Aim of the task. Among the entries below, take the line with "Portrait of a" and the line with "Shiny silver bear", and output them and every line between them exactly, with nothing else.

Records for the task.
########################################

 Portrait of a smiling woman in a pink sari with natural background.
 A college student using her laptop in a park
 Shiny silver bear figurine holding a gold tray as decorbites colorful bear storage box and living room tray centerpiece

########################################

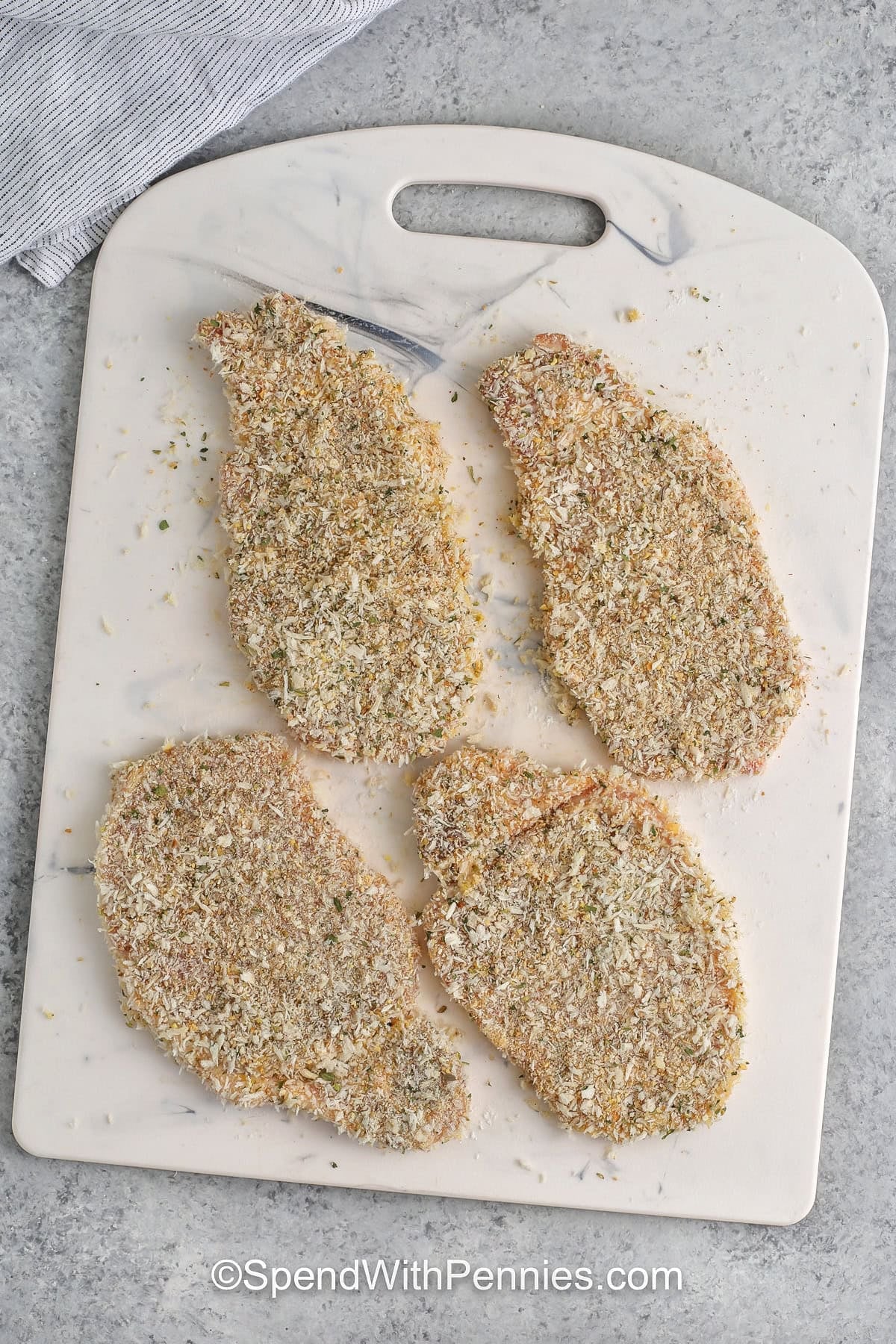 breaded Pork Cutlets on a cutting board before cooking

########################################

Result of this exercise.
 Portrait of a smiling woman in a pink sari with natural background.
 A college student using her laptop in a park
 Shiny silver bear figurine holding a gold tray as decorbites colorful bear storage box and living room tray centerpiece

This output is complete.